A second category of wetlands with sphagnum substrate are Nutrient Poor Fens. These fens sit atop sphagnum peat and most have a marshy moat surrounding them--a result of nutrient input from surrounding uplands. Most common are Wiregrass Meadows dominated by Carex lasiocarpa (Wiregrass) and with Chamaedaphne calyculata (Leatherleaf) as the most conspicuous ericaceous plant. The shrub Betula glandulifera (Bog Birch) is also commonly found. Representatives Poor Fens at Cedar Creek include Crane Marsh, Oval Marsh, and Road Cut Fen. A few others have additional ericaceous representatives such as Andromeda glaucophylla (Bog Rosemary) and Vaccinium macrocarpon (Large-leaved Cranberry). Non-ericaceous plants such as the Bog Willows (Salix pyrifolia, S. pedicellaris) may also be present. Several of these additional species can be found in Tower Bog and Remote Bog. However, neither of these ‘poor fens’ are as rich floristically as the bog margin of Beckman Lake. Only an exceptional few ‘bogs’ on the entire Anoka Sandplain have the insectivorous Pitcher Plants and Sundew found there. (See Special Features below.)

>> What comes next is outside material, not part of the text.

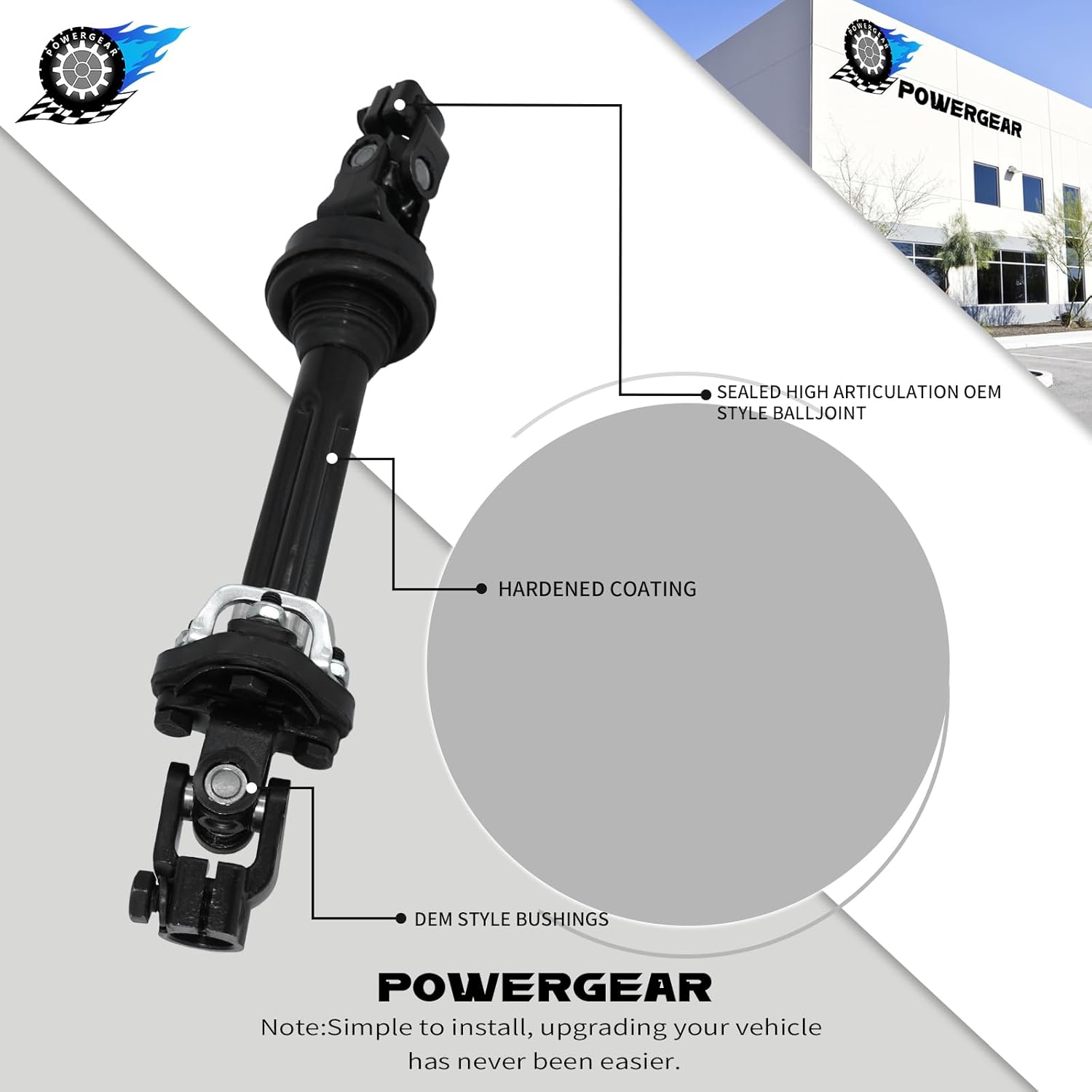 POWERGEAR 425338 Steering Shaft Replacement for 2013-2019 FORD,EXPLORER,FLEX,POLICE INTERCEPTOR UTILITY 2019-2020 FORD SSV PLUG-IN HYBRID 2013-2019 LINCOLN MKT,1Pcs Steering Column Shaft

Nutrient Poor Fens are not uncommon on the Anoka Sandplain, but they are in a rather precarious position. They are fragile communities that are easily degraded by fires, and are extremely sensitive to ATV traffic and snowmobilers. In addition to cutting the sphagnum base into a soupy mess, such vehicular traffic introduces seeds of cattail, reed canary grass, and purple loosestrife from neighboring wetlands. Crane Marsh is a large wiregrass meadow immediately south of Fish Lake. It experienced a devastating wildfire in October 2000 and we fear that it may well be invaded by aggressive cattails in the very near future. Sandhill Cranes have nested on this and other fens and marshes on the Area since 1975.

Special Features

The floating sphagnum mat bordering Beckman Lake is the best, and nearly only example, of a beautiful ‘bog’ mat surrounding open water in east-central Minnesota. Chamaedaphne calyculata (Leatherleaf) is the most conspicuous ericaceous shrub, but closer inspection yields a surprising variety of plants. In addition to Leatherleaf we find Andromeda glaucophylla (Bog Rosemary), and enormous patches of Vaccinium macrocarpon and V. oxycoccus (Large and Small leaf Cranberry). The two carnivorous plants Sarracenia purpurea (Pitcher Plant) and Drosera rotundifolia (Sundew) thrive on the mat. Farther out on the mat towards the open water one finds such noteworthy plants as Scheuchzeria palustris and Eriophorum chamissonis.

Rare insects of Beckman Lake Bog include Epidemia epixanthe (Bog Copper), Nannothemis bella (smallest dragonfly in North America), Melanoplus punctulata (Tamarack Grasshopper), and Gryllus palustris (Bog Cricket).